Are you selling your magazine like a cheap airline ticket?

2 March 2008


Monthly consumer magazine sales are dropping 10% or more each year. The big publishers respond by increasing cover prices by around 5% year on year. But it’s not working. Overall income continues to drop. Meanwhile newstrade wastage increases.

Falling sales is a problem for the marketers to solve. Unfortunately, their moves are sabotaged by bosses who ignore basic marketing principles.

Those who decide marketing strategy have been selling off their magazine subscriptions in cheap price-led promotions, just like airline tickets.

Cosmopolitan, Good Housekeeping, House Beautiful, Esquire, Harpers Bazaar, Zest and She are discounting up to 70%. The average discount for National Magazines (Nat Mags) for example, is 54%.

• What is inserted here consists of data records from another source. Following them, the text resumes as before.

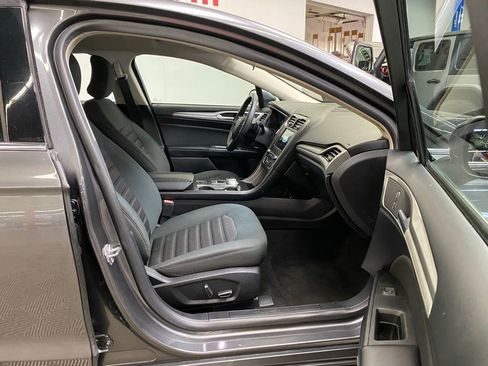 Used 2018 Ford Fusion SE w/ Fusion SE Technology Package image 10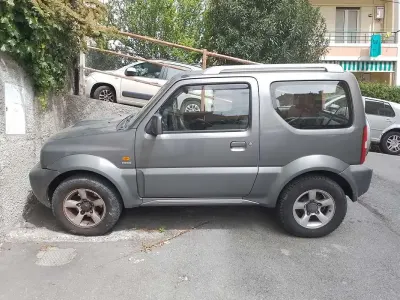 Second-hand Suzuki Jimny 86 CP (63 kW) 2009 Gri SUV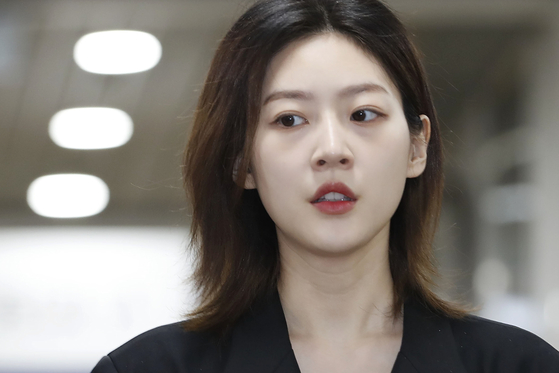 Late actor Kim Sae-ron at the Seoul Central District Court in southern Seoul on April 5, 2023. [YONHAP]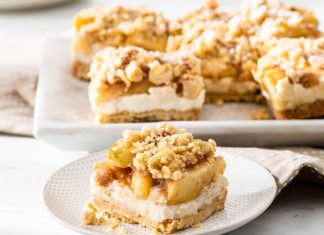 Spiced Apples & Cream Crumb Bars Spiced Apples & Cream Crumb Bars
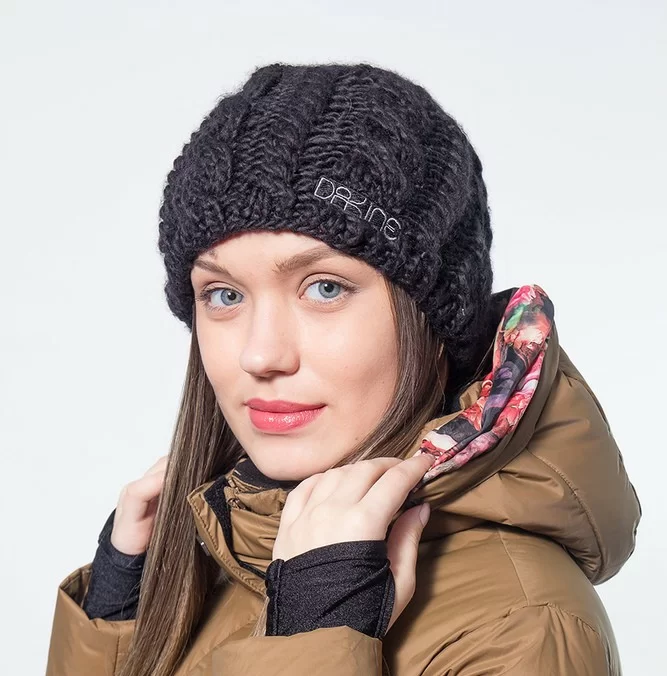 Шапка Dakine жен. Vine 8680-034/8680-749 Фото Шапка Dakine жен. Vine 8680-034/8680-749 со склада магазина Спортев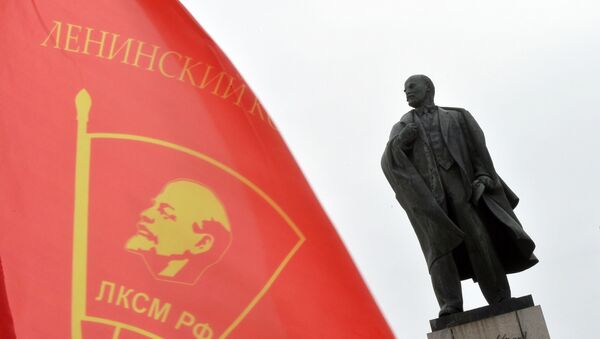 У памятника В.И. Ленину на площади Ленина в Ульяновске - 俄羅斯衛星通訊社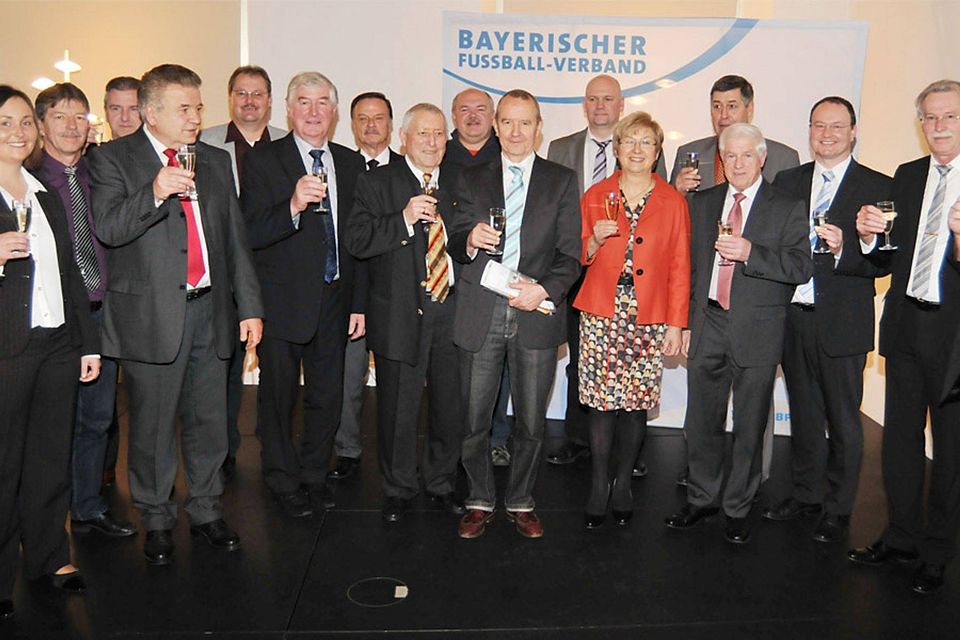 Zusammen mit Walther Seinsch (Mitte), dem Vorstandsvorsitzenden des Bundesligisten FC Augsburg, stießen die Gäste und Mitarbeiter des BFV-Kreises Donau im Höchstädter Schloss auf das neue Jahr 2014 an.	F.: Walter Brugger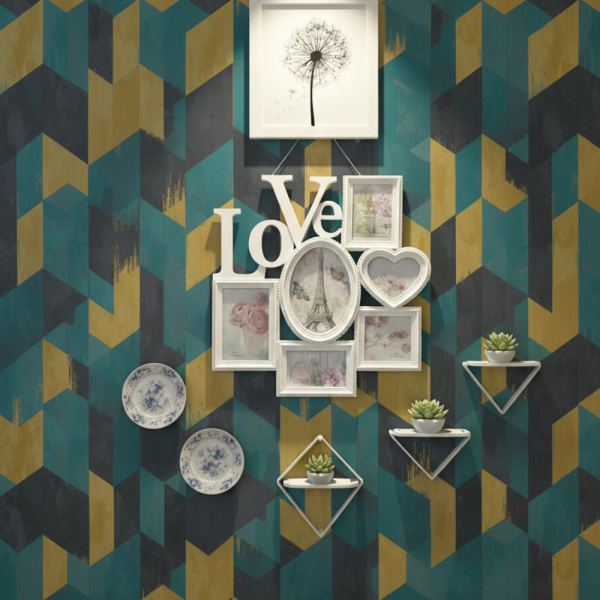 Изящна рамка за вашите снимки с надпис Love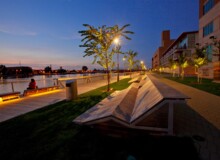 <a href="https://landscapearchitecturebuilt.com/staging/citydeck">CityDeck</a>, <br>Green Bay, WI, USA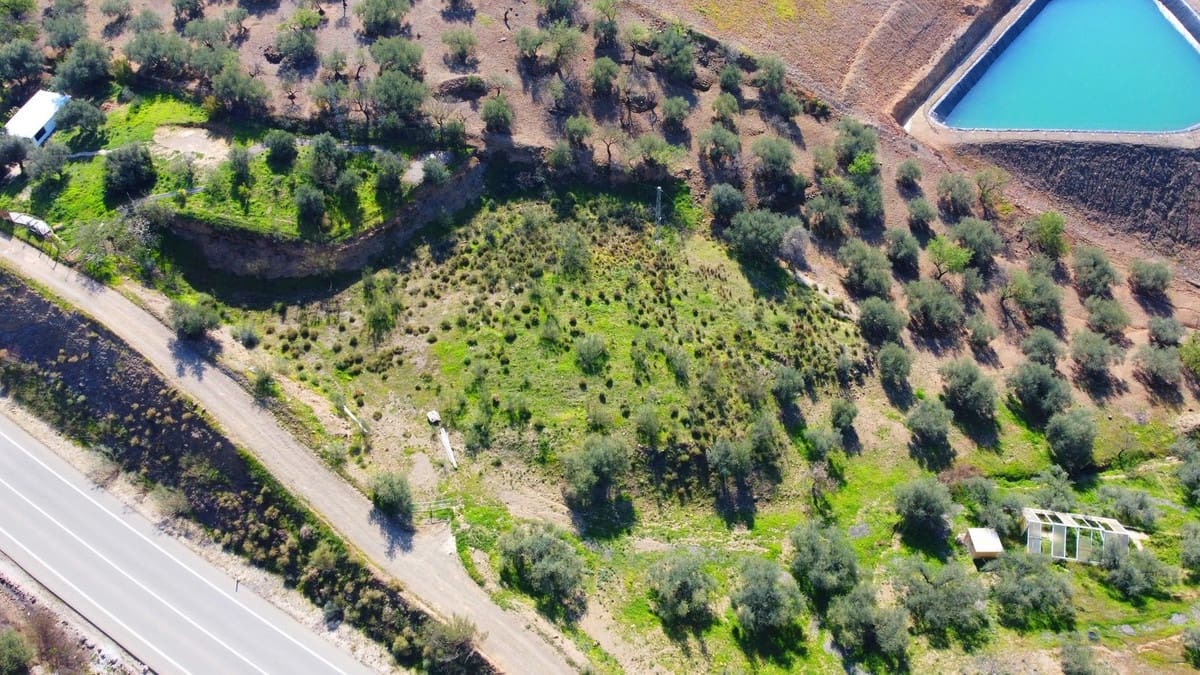 3 makuuhuone Huvila myytävänä paikassa Riogordo mukana uima-altaan 
autotalli - 360 000 € (Ref: 8723419)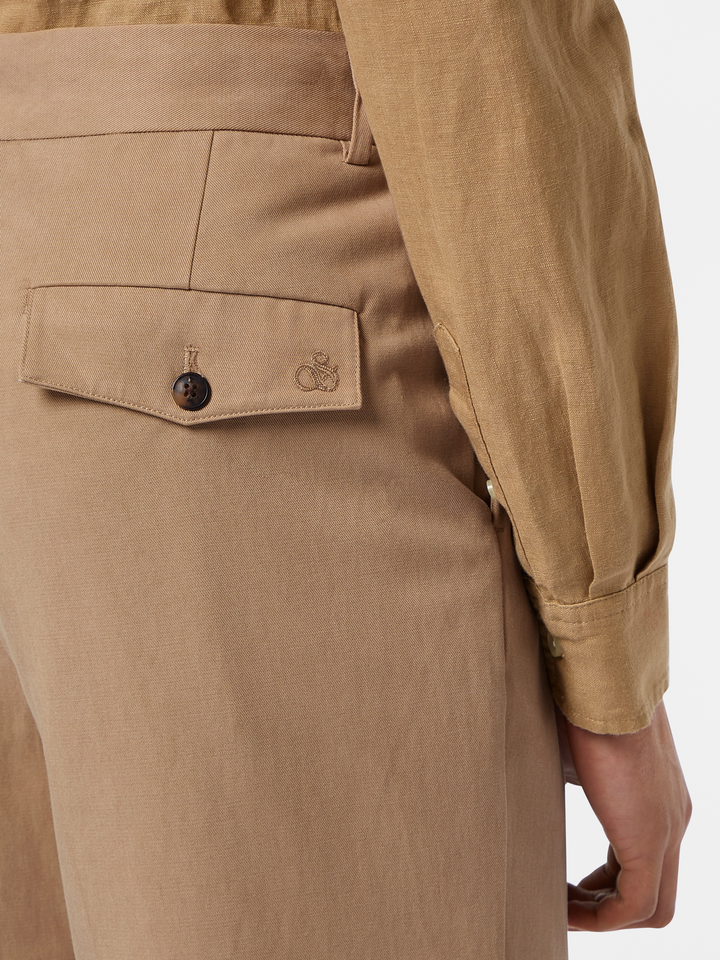 Pleated cotton/lyocell twill relaxed straight fit chino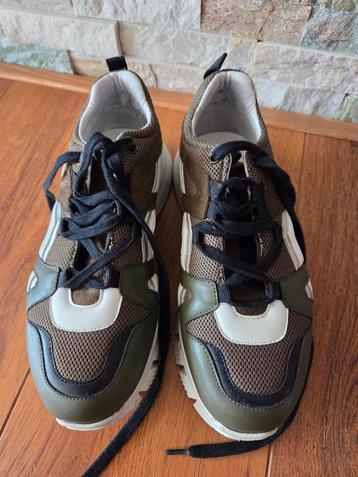 Sportschoenen beschikbaar voor biedingen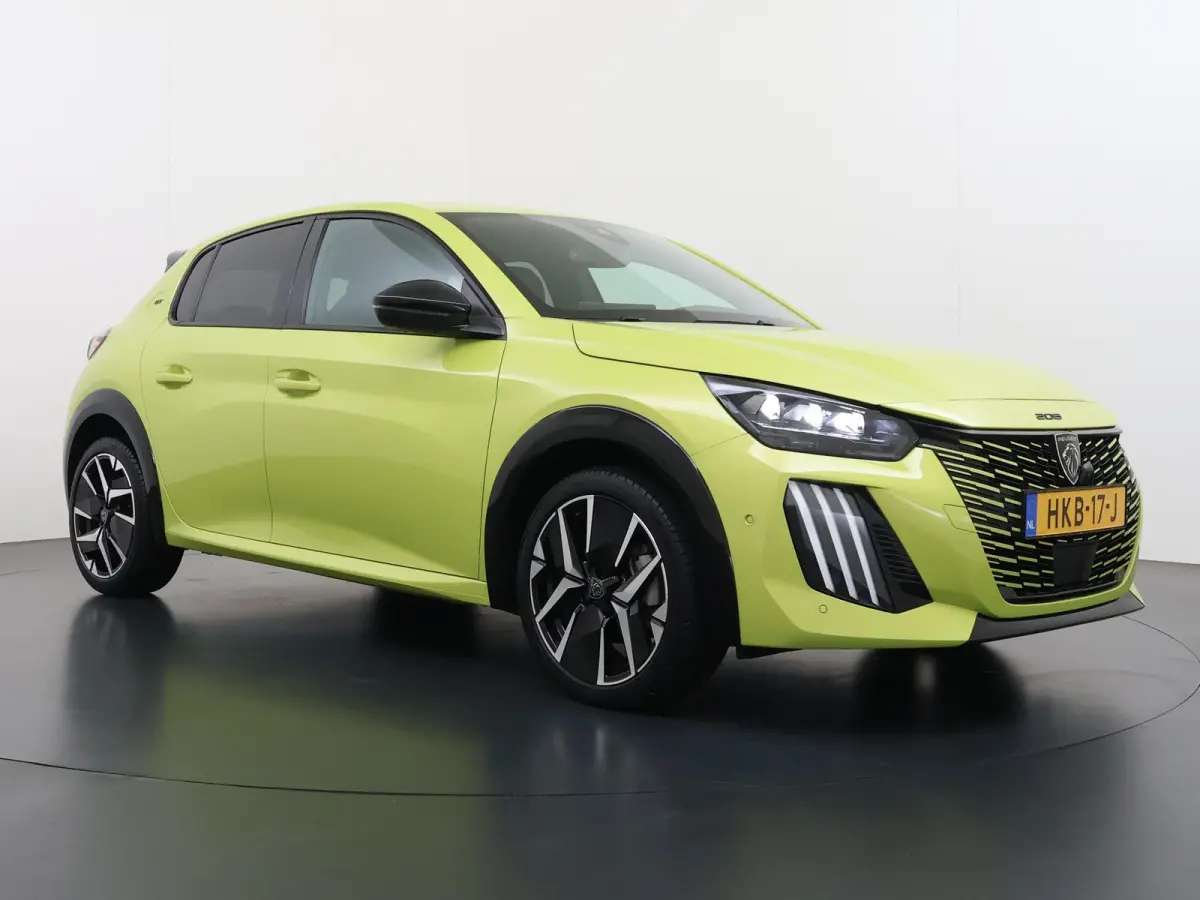 GT 110pk Hybrid Automaat | Navigatie | 360 camera | Cruise control adaptief | Keyless start | 17 inch lichtmetalen velgen | Apple Carplay en Android auto draadloos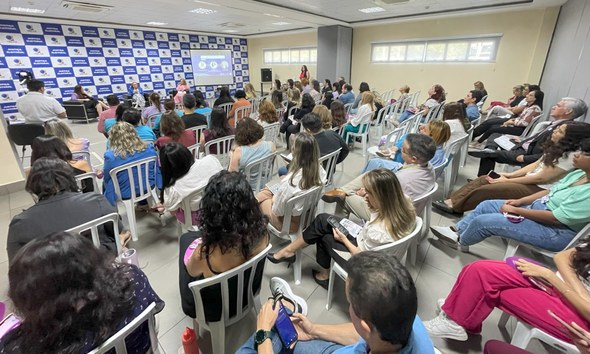A segunda imagem mostra o público presente no evento. O espaço está cheio, com diversas fileiras...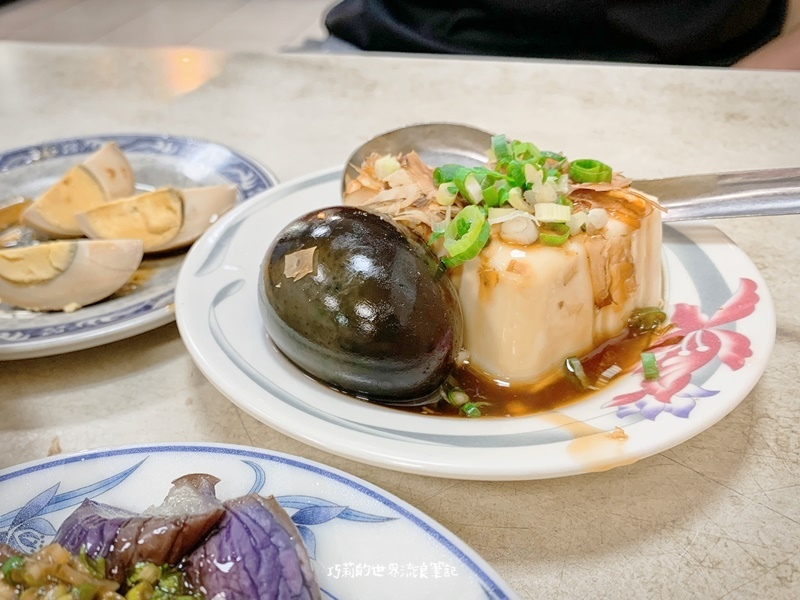 盛東餃子館 || 晚來吃不到！營業時間超短，東勢在地45年的人氣餃子館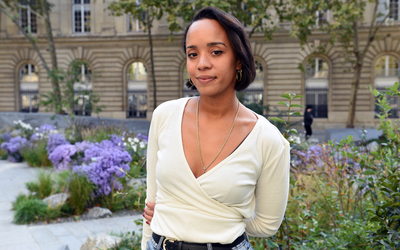 Portrait en extérieur de Laurie Belleterre, Coordinatrice des Moyens de Fonctionnement CASPE 7/15e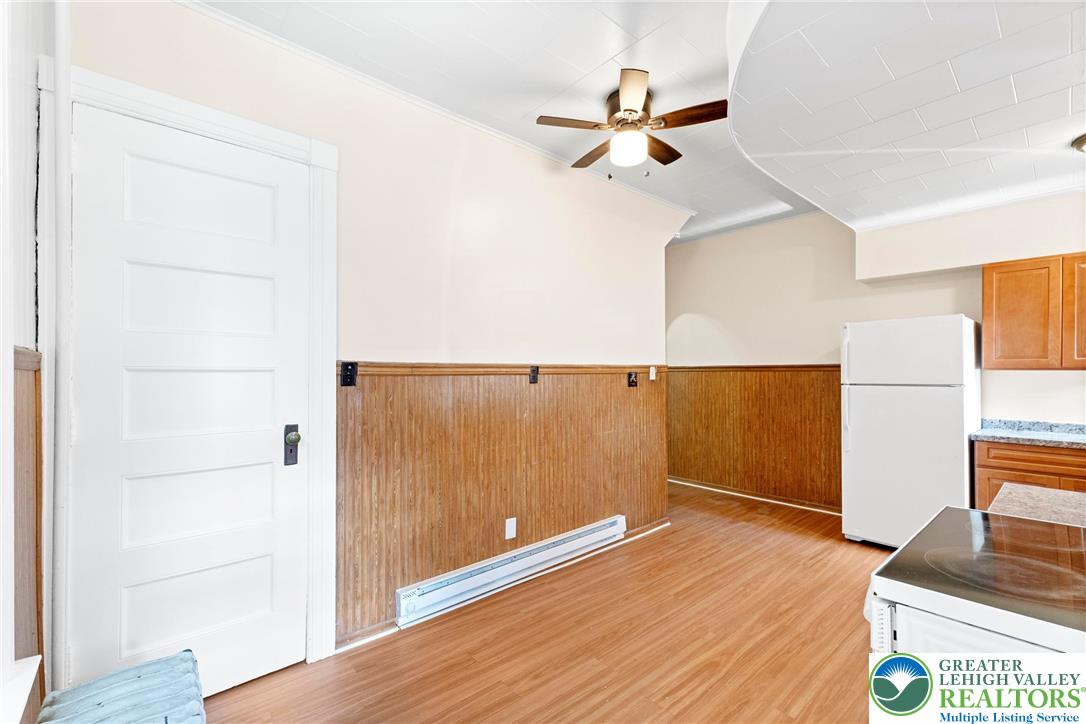 Allentown City, Pennsylvania 18102, United States, 5 Bedrooms Bedrooms, ,3 BathroomsBathrooms,Residential,Active,229173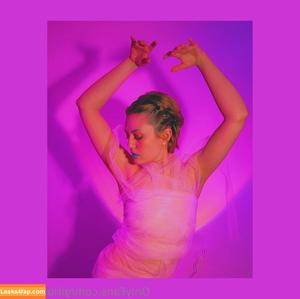 Girl On Cinema photo #0054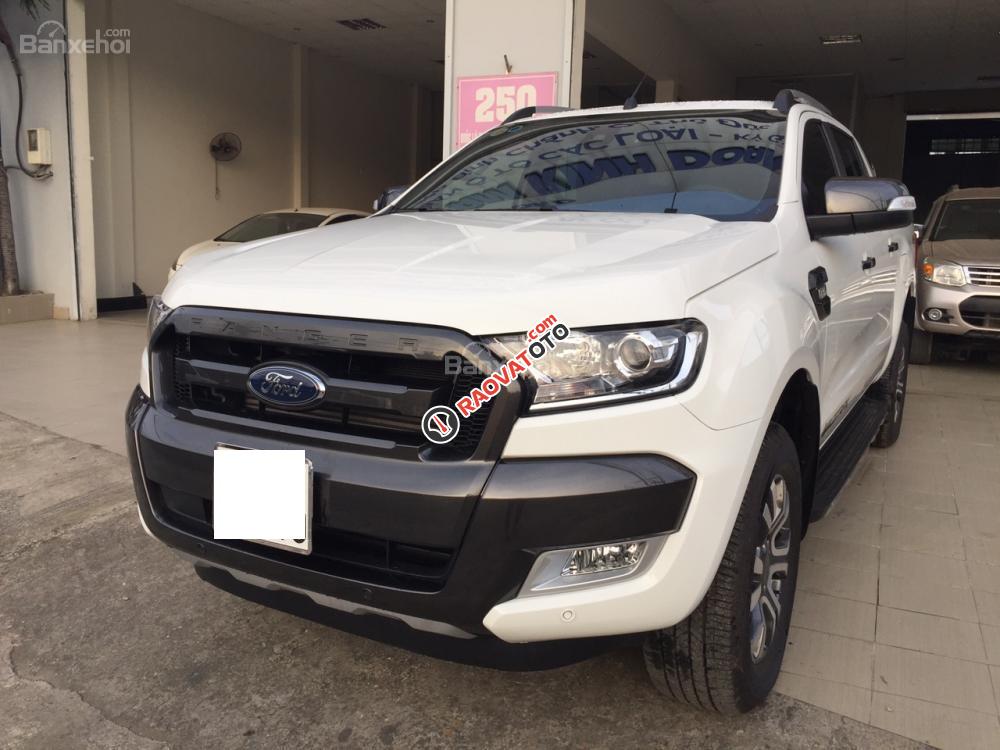 Bán Ford Ranger Wildtrak 3.2L sản xuất 2017, màu trắng xe nhập, giá 960 triệu+ nắp thùng Thái Lan - giao ngay tại nhà-0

And this discounting has been going on during the longest consumer boom since the second world war. Now that boom has ended, publishers have no fall-back position.

There is nothing new in cutting your price.

When you sell your magazine on price, it’s the price your reader will focus on, not the benefits your publication brings. So when money is tight, guess what gets the chop?

Surveys always show that people are happy to order a magazine if they are told about it. A subscription promotion is a great way to catch those who (like most) don’t often browse in a newsagent.

Where are all the subscription promotions?
So where are all the subscription promotions telling people about the magazines they could be reading, selling the benefits?There aren’t any. It’s as though the magazine bosses are ashamed of what they are offering and just can’t bring themselves to ask for the proper amount of money. You see plenty of offers for cheap or free subscriptions, but rarely do they mention much about the magazine’s content.

That’s not marketing – it’s selling stuff off cheap and any fool can do that.

Magazines are not airline tickets
Discounting may work for airline tickets, but magazines are different. You demean your product by cutting the price simply to put it in the hands of a prospect. Unless you give a very good reason for offering money off, your magazine will always be viewed as something cheap and short-term.

Publishing should have a profitable back end. We surely want long-term, committed readers we can sell other things to.